* _GIVEN INFORMATION_
+-------+

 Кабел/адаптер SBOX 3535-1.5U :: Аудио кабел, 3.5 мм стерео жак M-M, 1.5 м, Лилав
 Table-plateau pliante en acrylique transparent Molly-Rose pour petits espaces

+-------+

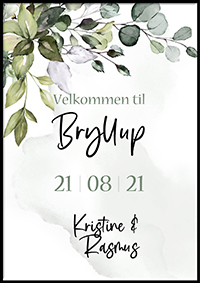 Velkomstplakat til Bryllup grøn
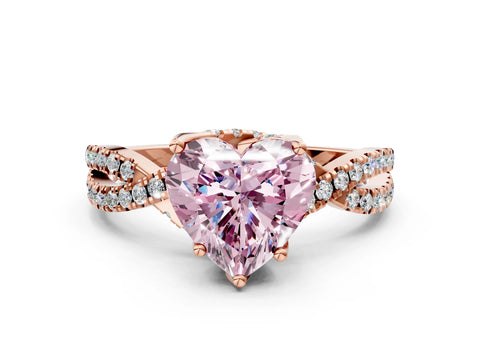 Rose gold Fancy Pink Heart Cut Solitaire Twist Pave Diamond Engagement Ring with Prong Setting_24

+-------+

* _WHAT TO DO_
Print an exact copy of the lines above, from the one containing "Velkomstplakat til Bryllup grøn" through the one containing "Rose gold Fancy", and leave out the pictures.

* _RESPONSE_
 Velkomstplakat til Bryllup grøn
 Rose gold Fancy Pink Heart Cut Solitaire Twist Pave Diamond Engagement Ring with Prong Setting_24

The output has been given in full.